San Francisco Deputy Public Defender Jami Tillotson was in a courtroom in the city's Hall of Justice when she got the word: Police were interviewing and taking photographs of a client of hers elsewhere in the building.
So Tillotson left the courtroom, got to her client, and told him he didn't have to answer any questions from police; she added to the inspector present that he had no right to take photos of her client or her client's friend, who was also there, the San Francisco Examiner reported.
Soon someone started recording Tuesday's incident on a cellphone camera.
“I just want to take some pictures, OK?" Inspector Brian Stansbury was heard telling Tillotson on the video. "Then he will be free to go." But Tillotson refused to move away.
At that point Stansbury gave Tillotson an ultimatum: "If you continue with this, I will arrest you for resisting arrest," he said, though the charge was obstructing officers.
Tillotson's response? "Please do."
With that the 18-year veteran of the public defender's office was seen on the clip turning around, getting handcuffed and then being led down a hallway.
Here's the incident recorded on cellphone video:
Afterward Stansbury photographed and questioned Tillotson's client as well as the other man with him, San Francisco Public Defender Jeff Adachi told KCBS-TV.

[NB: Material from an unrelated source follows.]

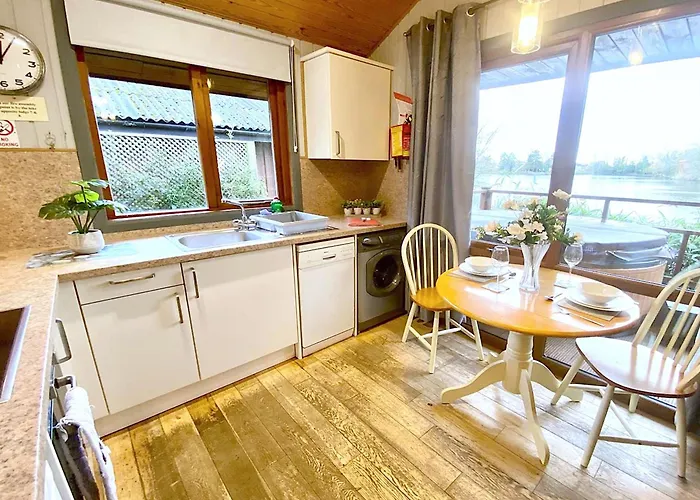 Hébergement de vacances Holly 14 Hot Tub *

Adachi called the incident "outrageous" and demanded an apology, adding that Tillotson stayed in a holding cell for an hour handcuffed to a wall, KCBS reported.
San Francisco Police spokesman Officer Albie Esparza told KCBS that Tillotson was detained for obstructing officers and the incident was an active criminal investigation.
But Tillotson and Adachi aren't buying it.
“Public defenders have a duty to protect the constitutional rights of their clients,” Tillotson said at a press conference Wednesday. “It was surreal to be led away in handcuffs for doing my job, something I do every day.”
“This is not Guantanamo Bay," Adachi added. "People have an absolute right to have their attorneys present during questioning."
Stansbury is one of three SFPD officers named in a racial profiling lawsuit filed by a fellow officer who was off-duty when he was stopped and arrested, KCBS noted.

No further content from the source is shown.